This exercise calls for the data below to be retyped exactly, minus any images.

=== SOURCE INFORMATION ===

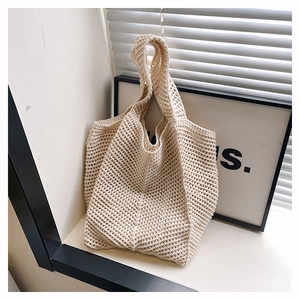 Detail of a beige crochet knit tote bag with a hollow design on a minimalist background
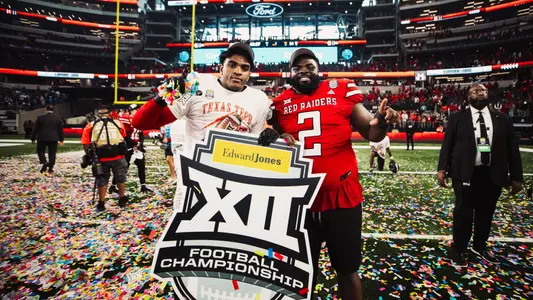 Romello Height and Lee Hunter celebrate with the Big 12 Championship sign after Texas Tech's win over BYU in AT&T Stadium.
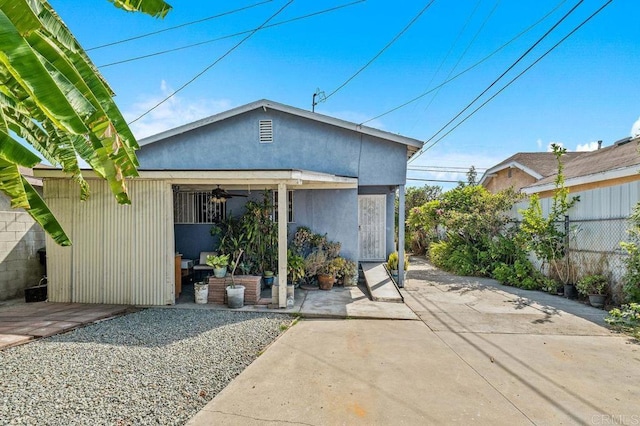 rear view of property with a patio area and ceiling fan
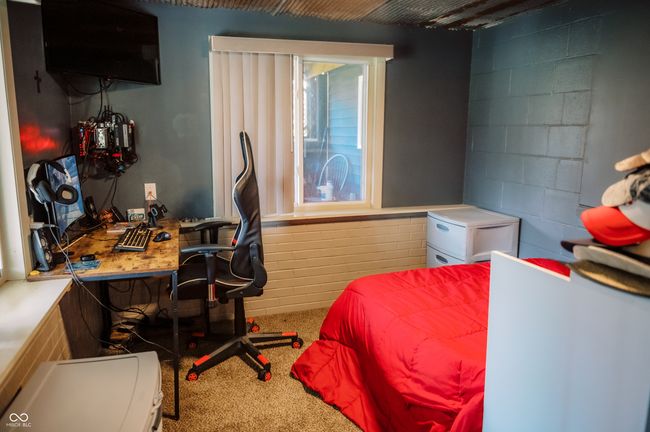 carpeted bedroom featuring concrete block wall | Image 12
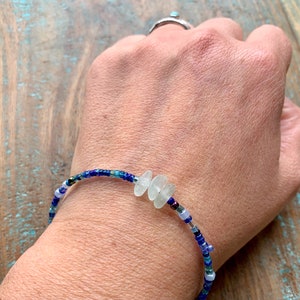 Dainty bracelet with three pieces of Cornish sea glass surrounded by tiny blue glass beads and fastened with a silver plated lobster catch photographed being worn.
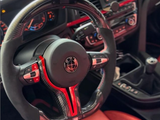 The steering wheel, featuring carbon fiber detailing and control buttons, is stationary in a car interior with red accents, digital dashboard, and central control panel. Text: 
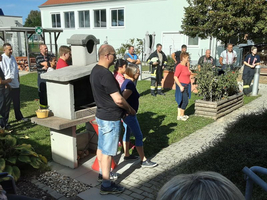 Eine Gruppe von Menschen steht im Freien und beobachtet eine Veranstaltung.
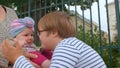 An inspired teenager plays with younger sister, he talks to her, touches feet Royalty Free Stock Photo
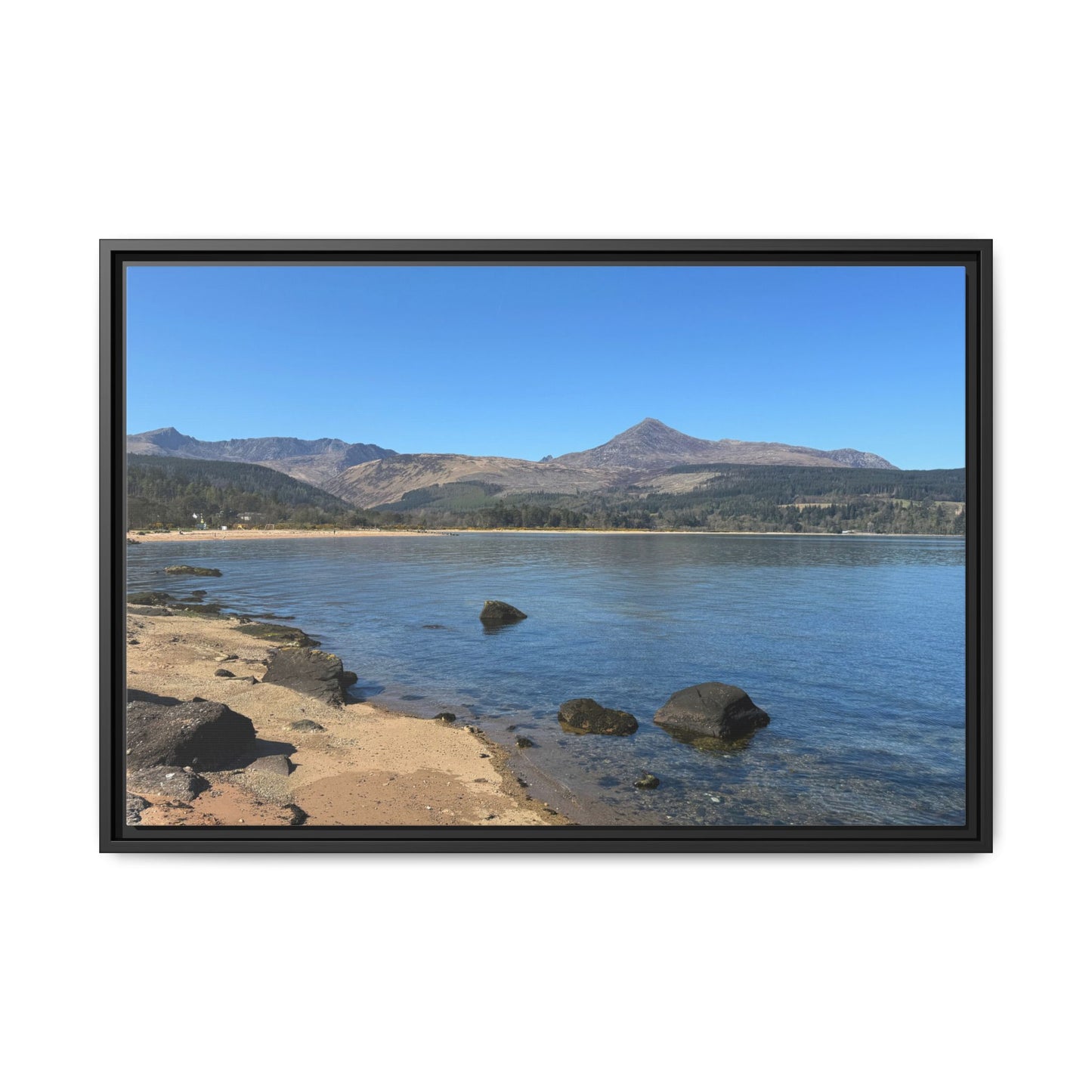 Framed photograph of a lake with mountains in the background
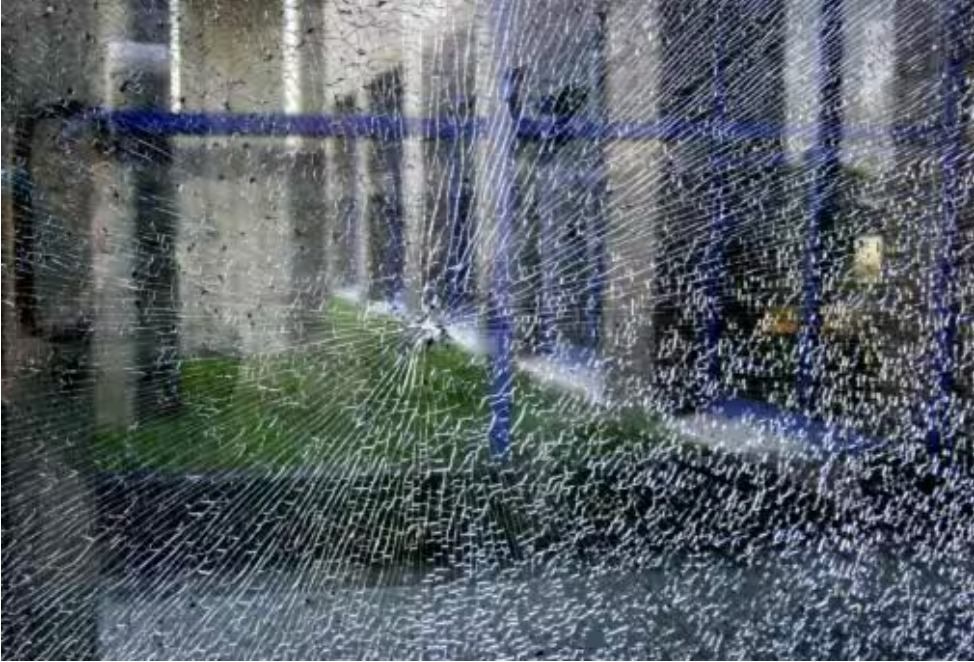 A sprinkler is spraying water on a broken glass window.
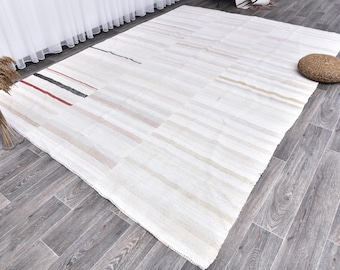 Può includere: Tappeto bianco tessuto con un motivo a strisce in nero, rosso e grigio. Il tappeto è steso su un pavimento in legno grigio.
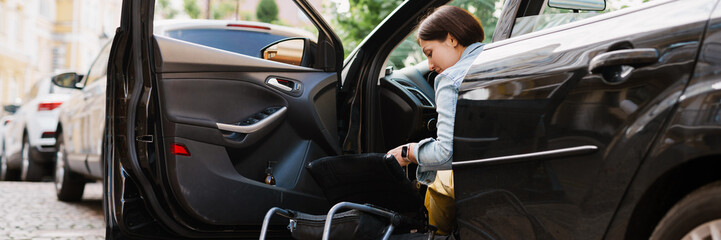 Brunette woman holding wheelchair while getting into car on city street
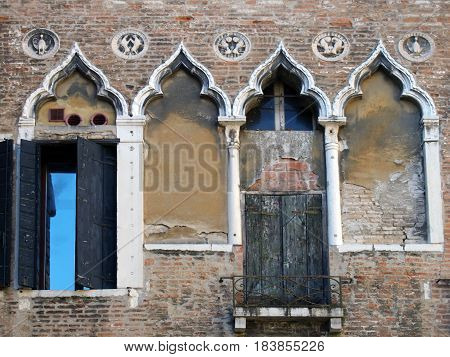 venice old building with ornate shuttered windows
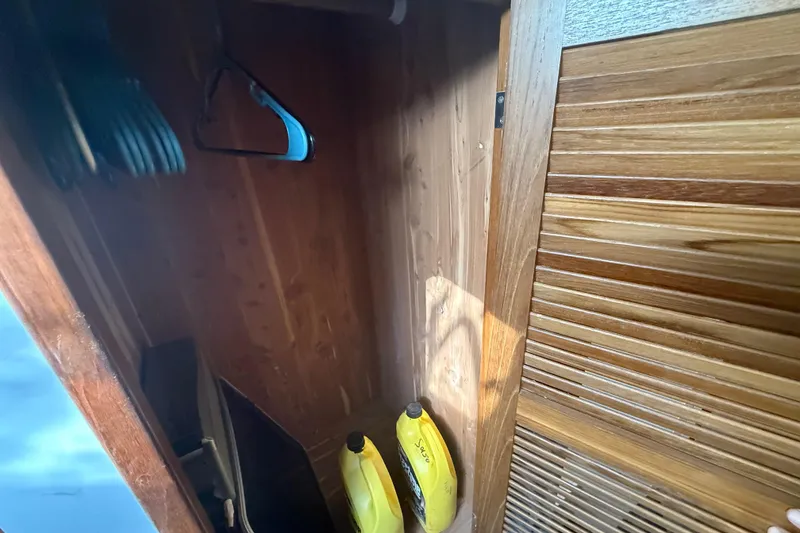 Slide: The Image of Wooden closet interior on 1995 Manta SAILING CATAMARAN with hangers and yellow bottles. - 51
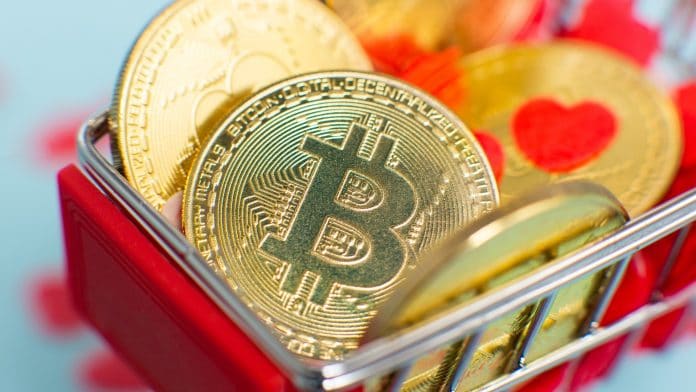 Bitcoin em carrinho de compra com imagem de coração, romance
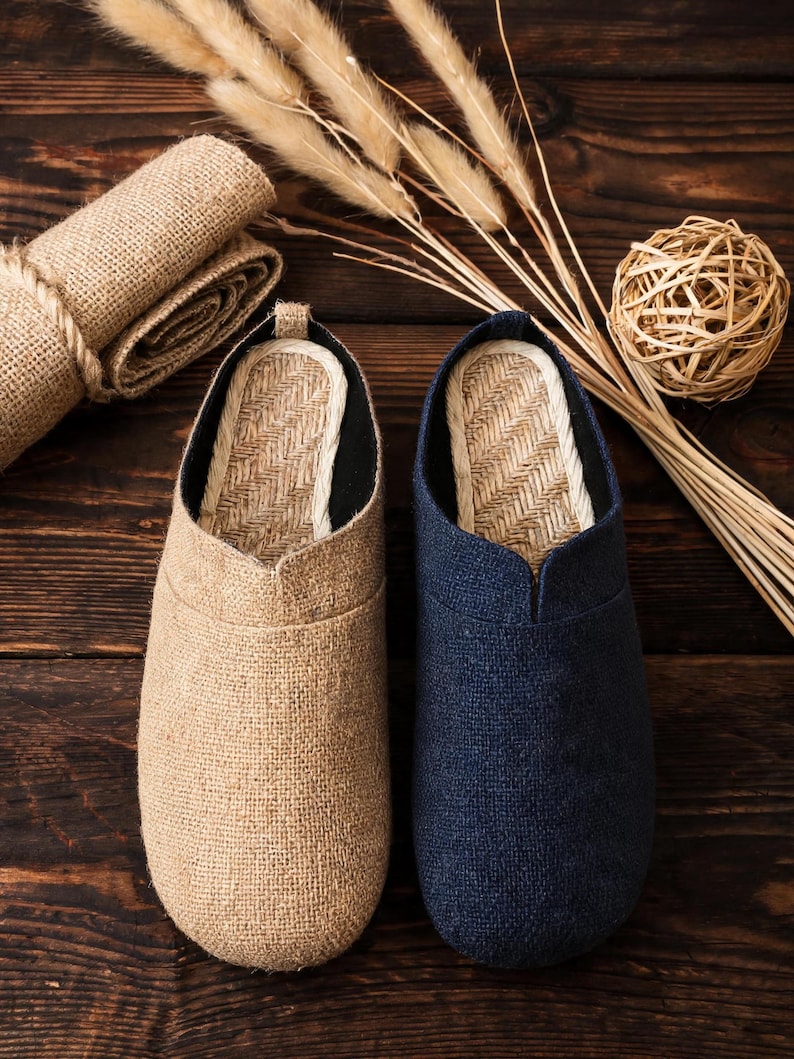 May include: A pair of slip-on shoes featuring a textured fabric upper in beige and navy blue. The interior footbed is lined with a woven straw-like material, and the shoes have a rounded toe design with a low-cut opening for easy entry.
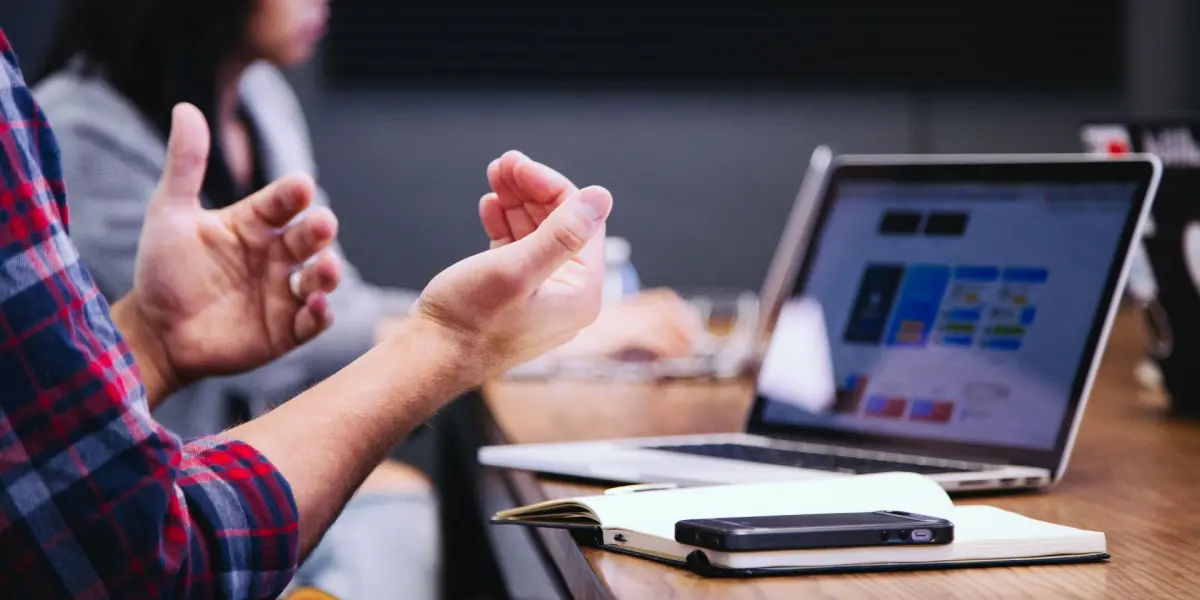 A person gestures during a team meeting at a conference table with a laptop and notebook in front of them.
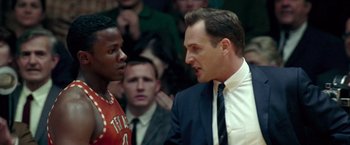 Movie still from “Glory Road” (2006), directed by James Gartner – A man in a suit talking to another man in a suit; Close Up shot, Over the shoulder angle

===

** YOUR SOLUTION **
 Detail of a beige crochet knit tote bag with a hollow design on a minimalist background
 Romello Height and Lee Hunter celebrate with the Big 12 Championship sign after Texas Tech's win over BYU in AT&T Stadium.
 rear view of property with a patio area and ceiling fan
 carpeted bedroom featuring concrete block wall | Image 12
 Dainty bracelet with three pieces of Cornish sea glass surrounded by tiny blue glass beads and fastened with a silver plated lobster catch photographed being worn.
 The steering wheel, featuring carbon fiber detailing and control buttons, is stationary in a car interior with red accents, digital dashboard, and central control panel. Text: 
 Eine Gruppe von Menschen steht im Freien und beobachtet eine Veranstaltung.
 An inspired teenager plays with younger sister, he talks to her, touches feet Royalty Free Stock Photo
 Framed photograph of a lake with mountains in the background
 A sprinkler is spraying water on a broken glass window.
 Può includere: Tappeto bianco tessuto con un motivo a strisce in nero, rosso e grigio. Il tappeto è steso su un pavimento in legno grigio.
 Brunette woman holding wheelchair while getting into car on city street
 venice old building with ornate shuttered windows
 Slide: The Image of Wooden closet interior on 1995 Manta SAILING CATAMARAN with hangers and yellow bottles. - 51
 Bitcoin em carrinho de compra com imagem de coração, romance
 May include: A pair of slip-on shoes featuring a textured fabric upper in beige and navy blue. The interior footbed is lined with a woven straw-like material, and the shoes have a rounded toe design with a low-cut opening for easy entry.
 A person gestures during a team meeting at a conference table with a laptop and notebook in front of them.
 Movie still from “Glory Road” (2006), directed by James Gartner – A man in a suit talking to another man in a suit; Close Up shot, Over the shoulder angle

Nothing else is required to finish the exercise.